動物を取り扱ったドキュメンタリー映画を見ることはあるんだけど、あれとピー子ちゃん動画はまた違う。どうせやるなら卵を産んでるとか狩りの様子とか、そんなのを見せてほしい。
「はあーっ……」
「カオルちゃん、まだまだあるよッ! バテるには早い早いッ!」
「他に付き合ってくれる人はいないんすか」
「逃げられるんだからしょうがないでしょーッ!」
「ほら、みんな逃げるんじゃないすか」
相変わらず隣で首根っこを掴まれたままの俺は逃げることもままならない。と言うか反抗的だと解釈出来ることを言う度に爪を立てるのは本当にやめていただきたい。だから俺は猫かっつーの。
「あっ、鳥のプロ! 山口! 山口こっち来い!」
「どうしたの朝霞クンから声かけてくるとか珍し〜っと、オジャマしました〜」
「逃、げ、る、な」
「あ〜捕まっちゃった〜、って言うか朝霞クン、首イタいんですケド! 爪刺さってる!」
「俺の首にも刺さってんだよ。お前がピー子ちゃん動画見るのに付き合うと返事しない限り力は緩めないからな」
「トンだ子猫チャンでしょでしょ〜……」
「あァ!?」
「痛い痛い痛い!」
山口が(半ば強制的に)付き合ってくれることになった。2人になったからと言ってこの苦行が変わるわけではないけど、分かち合える相手がいるに越したことはない。

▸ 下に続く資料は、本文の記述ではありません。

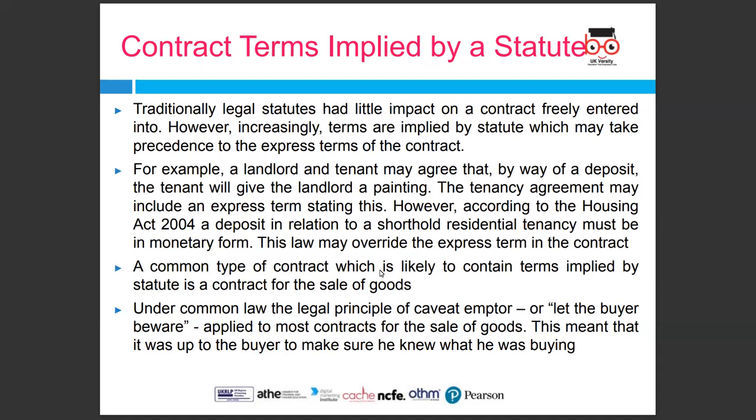Contract terms implied by statute: traditionally, legal statutes had little impact on a contract freely entered into. However, increasingly terms are implied by statute which may take precedence over the express terms of the contract. For example, a landlord and tenant may agree that the tenant will give the landlord a painting as a deposit. The tenancy may include an express term stating this. However, according to the Housing Act 2004, a deposit in relation to a shorthold residential tenancy must be in monetary form. This law may override the express term in the contract.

言ってしまえば山口も文鳥動画の違いがわかる男ではない。強いて鳥に関する理解を言えば、焼き鳥を焼けるくらいな物だ。もちろん水鈴さんに羽を毟るとか鳥を捌くとかそういう単語はNGだけど。
「……朝霞クン」
「何だ」
「後で首手当てしてよネ、絶対血出たでショ」
「それは正直、スマン」
end.
++++
向島の愛鳥週間も似たようなことが行われてるはずなんだけど、血が出るまではいかないので星ヶ丘はやはりバイオレンスだと思う。
水鈴さんが出てくる度にピー子ちゃん愛が暴発したちょっとアレな先輩なのでそろそろ洋平ちゃん憧れのマスターオブセレモニーなところもやりたいとは思っている
何だかんだ朝霞Pは水鈴さんに手も足も出ない様子、現時点では。いろいろお世話になってるんだろうけど、どうお世話になってるのやら……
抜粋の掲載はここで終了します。